ENTRIES PROVIDED

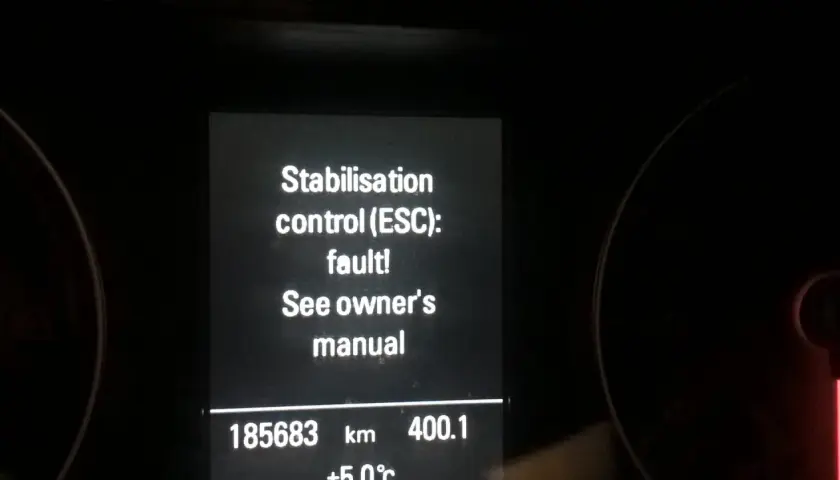 Awaria stabilizacji toru jazdy (ESC). Na wyświetlaczu widoczny komunikat "Stabilisation control (ESC): fault! See owner's manual".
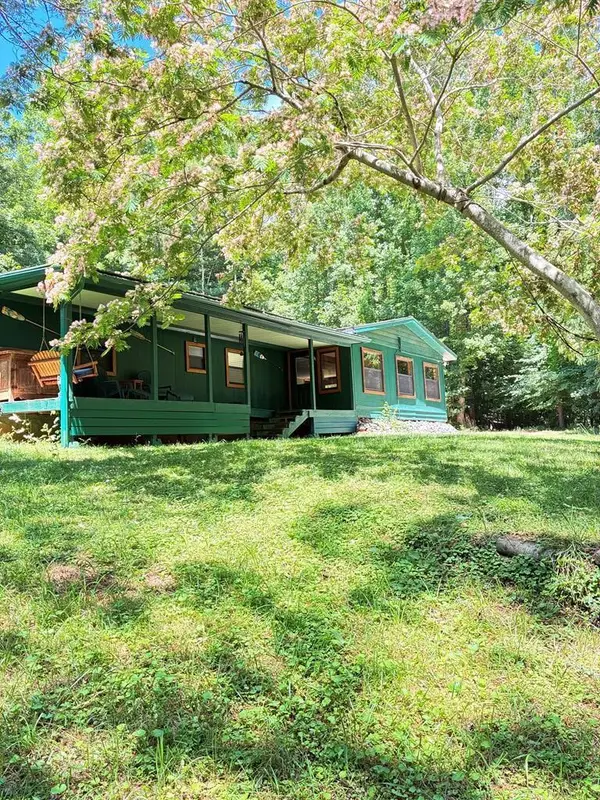 521 Sunnyside Road, Hiawassee, GA 30546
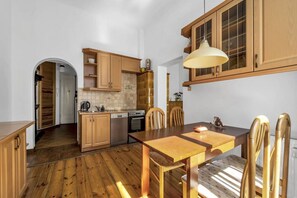 Dining - Plac Zbawiciela Apartments - Top Location, Metro by Rentujemy (Warszawa)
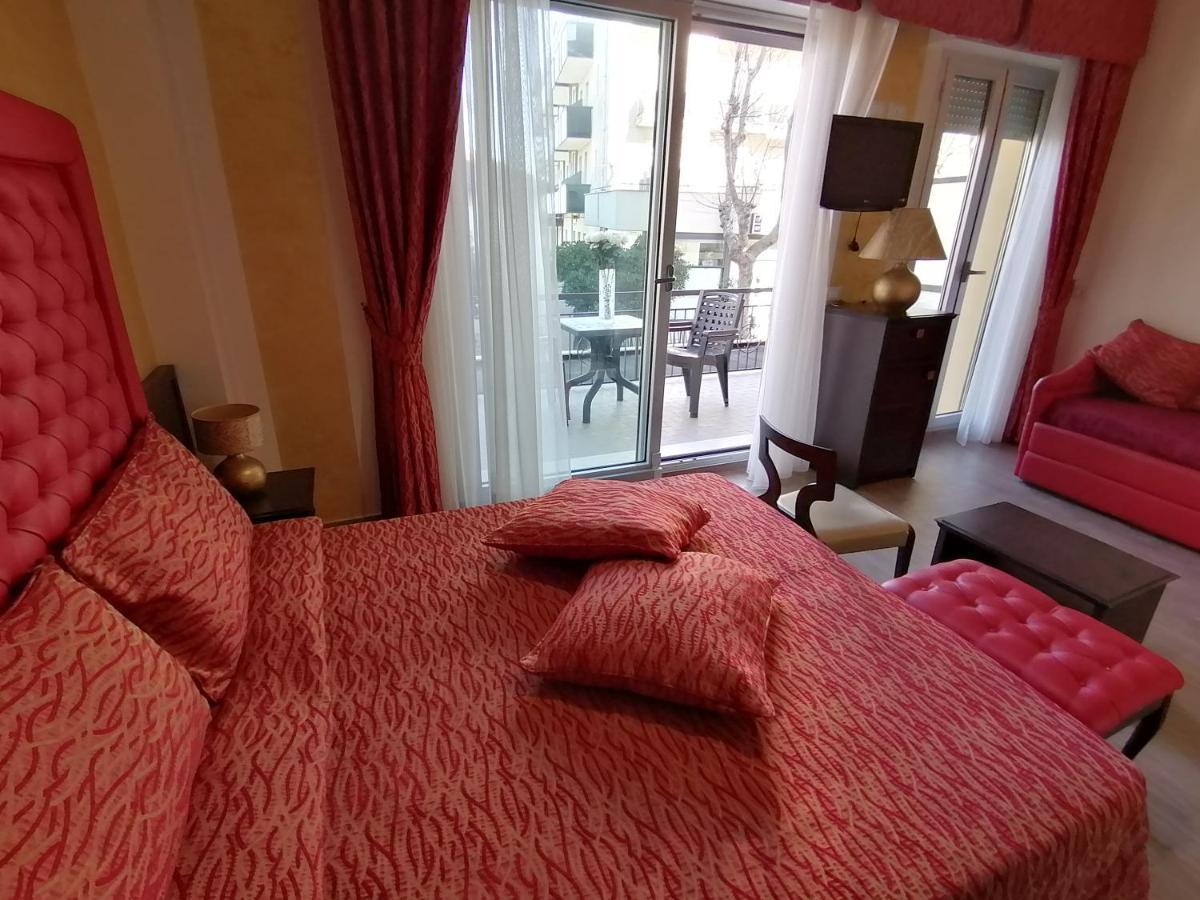 Hotel Nordic بيلاريا-إيجيا مارينا المظهر الخارجي الصورة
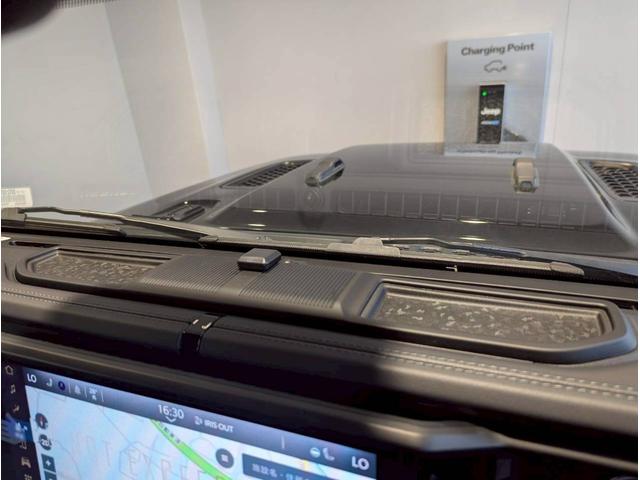 ジープ・ラングラーアンリミテッド サハラ 12.3インチ純正ナビ/LEDライト/アクティブクルーズコントロール/前面衝突警報/パワーシート/シートヒーター/ブラインドスポットモニター/バックカメラ/ステアリングヒーター/純正18インチアルミ(32枚目)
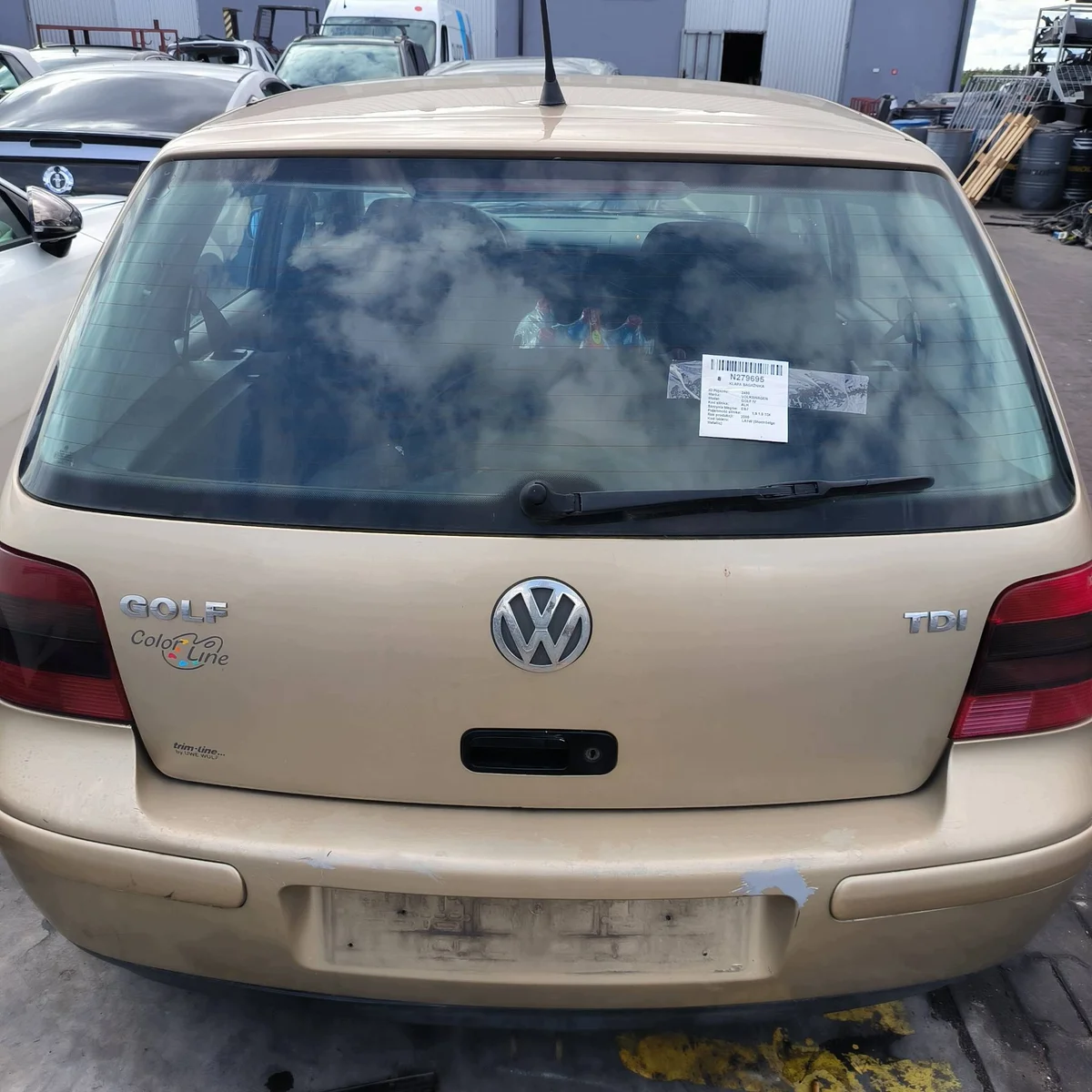 Tampa do porta-malas VW Golf IV 5D Usada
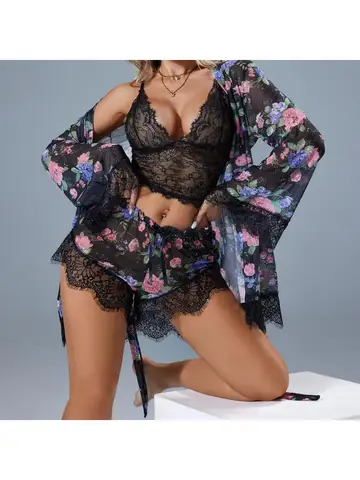 Ішіндегі қыздардың тесігінің порнографиясы Мәскеудің транс сұлулықтары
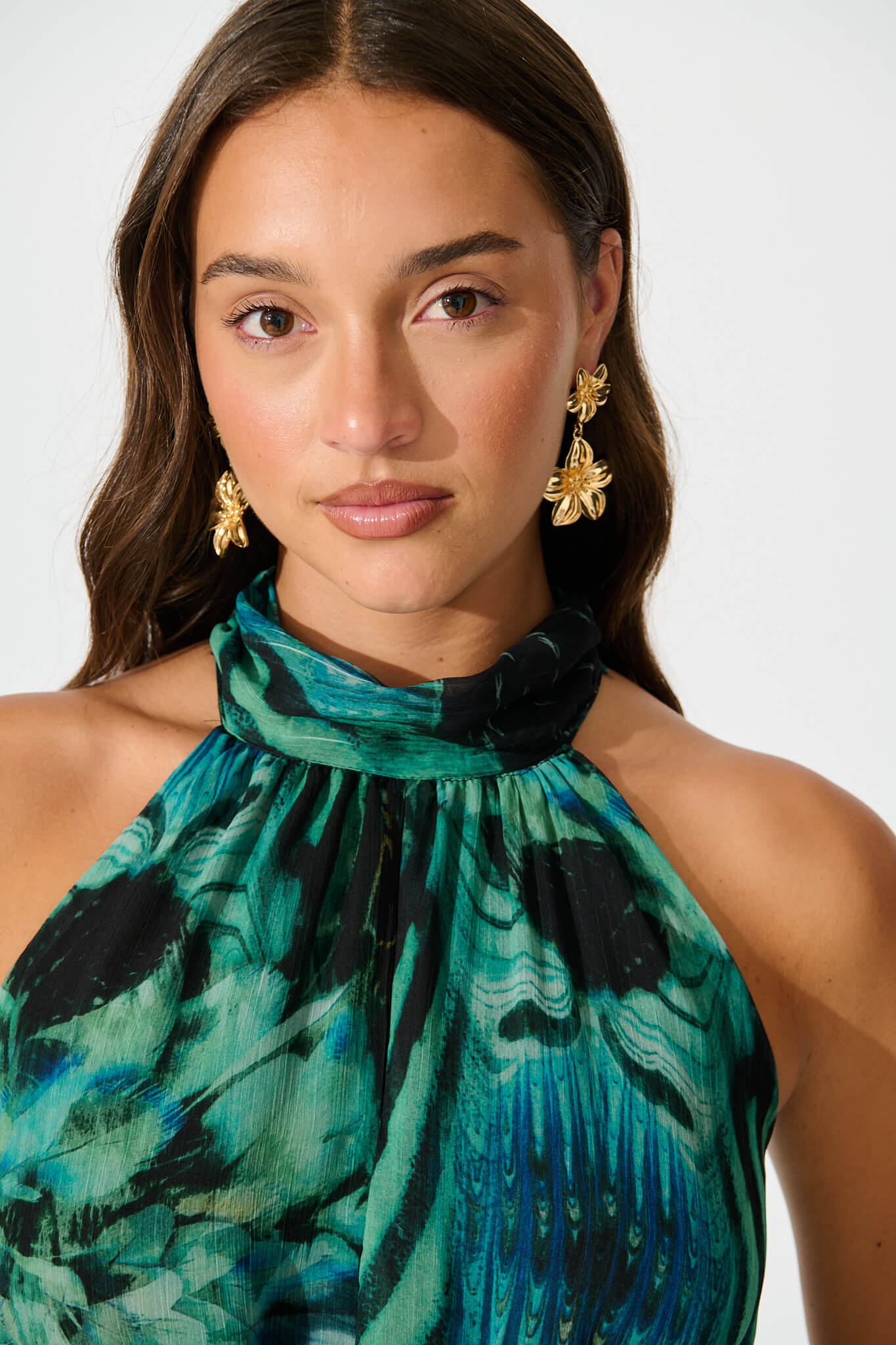 Serato Drop Flower Earrings in Gold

WHAT TO PRODUCE
Would you please write out the entries in full, exactly as they read, but without pictures?

TASK RESULT
 Awaria stabilizacji toru jazdy (ESC). Na wyświetlaczu widoczny komunikat "Stabilisation control (ESC): fault! See owner's manual".
 521 Sunnyside Road, Hiawassee, GA 30546
 Dining - Plac Zbawiciela Apartments - Top Location, Metro by Rentujemy (Warszawa)
 Hotel Nordic بيلاريا-إيجيا مارينا المظهر الخارجي الصورة
 ジープ・ラングラーアンリミテッド サハラ 12.3インチ純正ナビ/LEDライト/アクティブクルーズコントロール/前面衝突警報/パワーシート/シートヒーター/ブラインドスポットモニター/バックカメラ/ステアリングヒーター/純正18インチアルミ(32枚目)
 Tampa do porta-malas VW Golf IV 5D Usada
 Ішіндегі қыздардың тесігінің порнографиясы Мәскеудің транс сұлулықтары
 Serato Drop Flower Earrings in Gold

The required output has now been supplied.